Habe selber 98 Grad und wurde vor 12 Jahren ( im recht späten Alter von 16) versteift. Für die Statistik: 80% der Wirbelsäule kann ich laut Arzt nicht mehr bewegen...
Ich denke es kommt in vielen Fällen eher auf die post - OP ´sche Lebenseinstellung und (leider) in anderen Fällen auf die Diagnose an...
Trotz allem: NIE entmutigen lassen. Habe nach der OP noch eine Ausbildung im Handwerk gemacht und studiere (also viel "Rücken schädliches Sitzen)mittlerweile.
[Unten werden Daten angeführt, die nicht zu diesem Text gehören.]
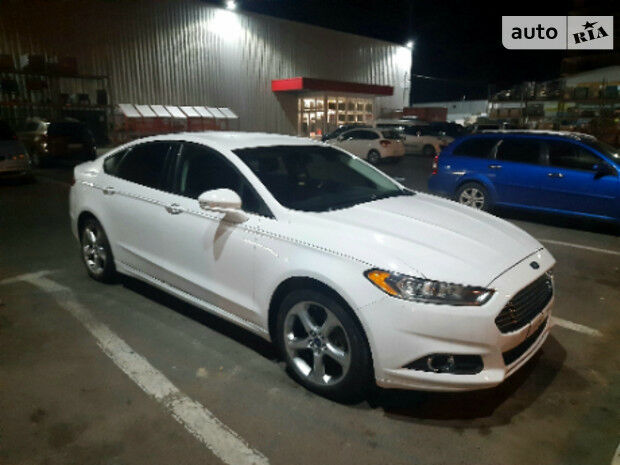 Ford Fusion 2013 года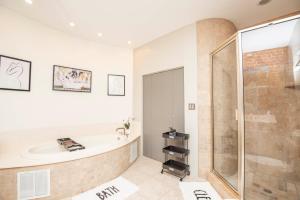 ノックスビルにあるLargest Rooftop w Firepit - Vaulted LUXE Penthouseのバスタブとシャワー付きのバスルーム +91枚の写真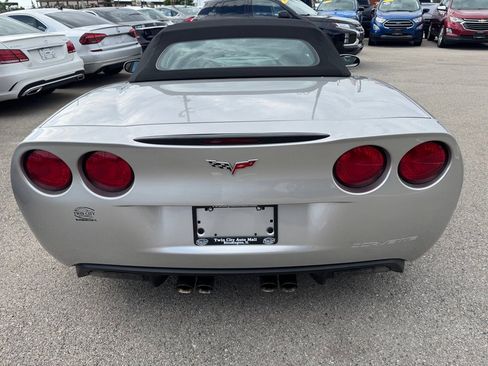 Used 2006 Chevrolet Corvette Convertible w/ Preferred Equipment Group RWD image 8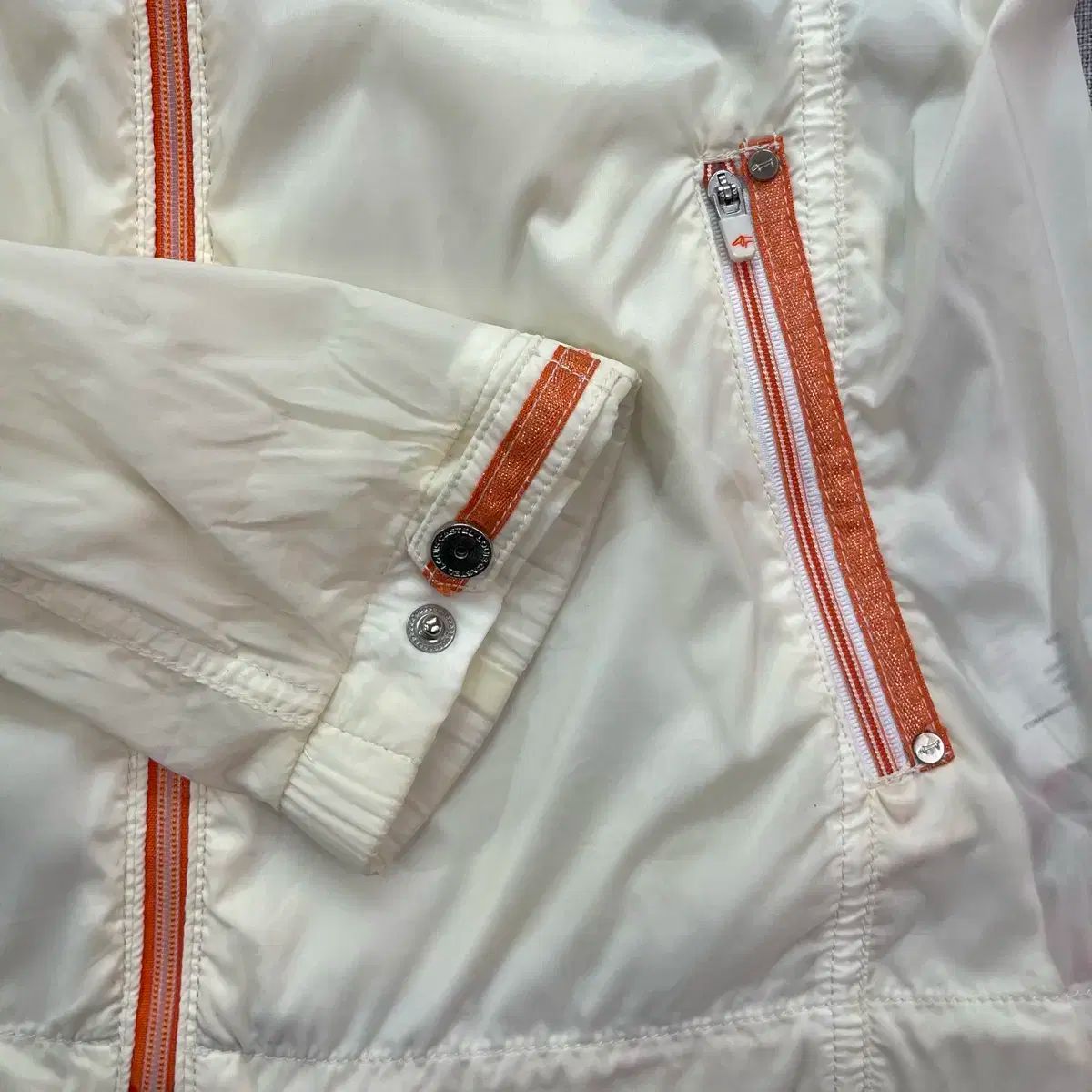 ウィンドブレーカー ジャケット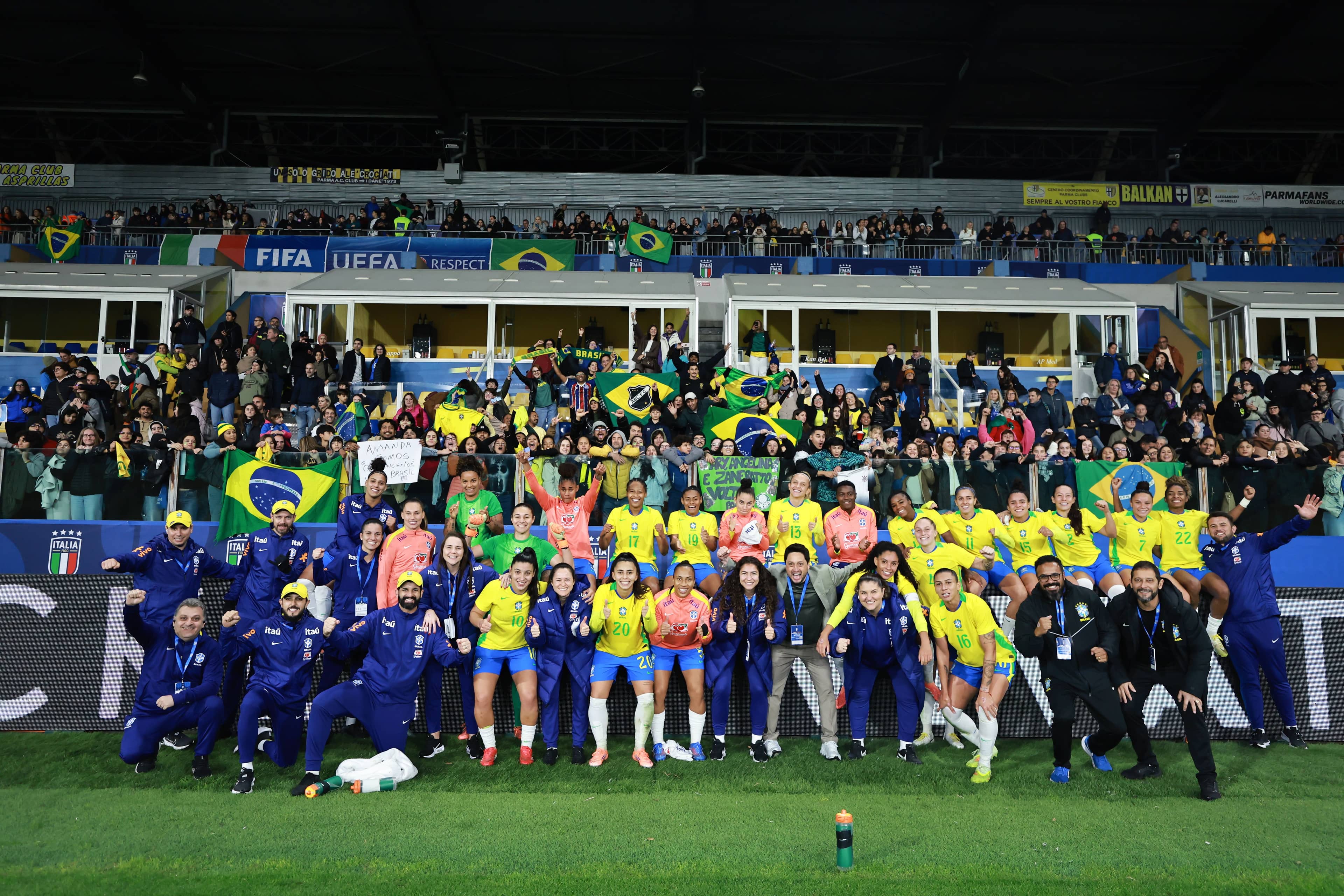 Seleção Feminina após vitória sobre a Itália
Mit den Rückschlag, dass eine Schraube mal nachgezogen werden mußte kann ich leben.Schließlich war es den Spaß wert.
Im übrigen sind unglaubige Gesichtsausdrücke von seiten der Ärtze immer wieder ein Erlebnis...
crazy

Beitrag von crazy »

hallo ihr liebe ich bin heute auf eure seite gestoßen und mir die vor-und nachteile einer versteifung der lenden wirbel durch gelesen da auch ich von einem solche eingriff betroffen bin. ich arbeite im garten und landschaftsbau bin 40 jahre und befürchte das ich meinen job nicht mehr richtig ausüben kann ka was dann folgen soll und wie so eine op von statten geht.
wie lange ist denn so eine reha und wann kann ich mit wieder aufnahme meine job´s rechnen???
es sind die letzten beiden bandscheiben die raus sollen da auch ein hoher verschleiß und morbios-scheuermann-syndrom vorliegt.so wie skoliose und naja was kann schief gehen???

wer kann helfen????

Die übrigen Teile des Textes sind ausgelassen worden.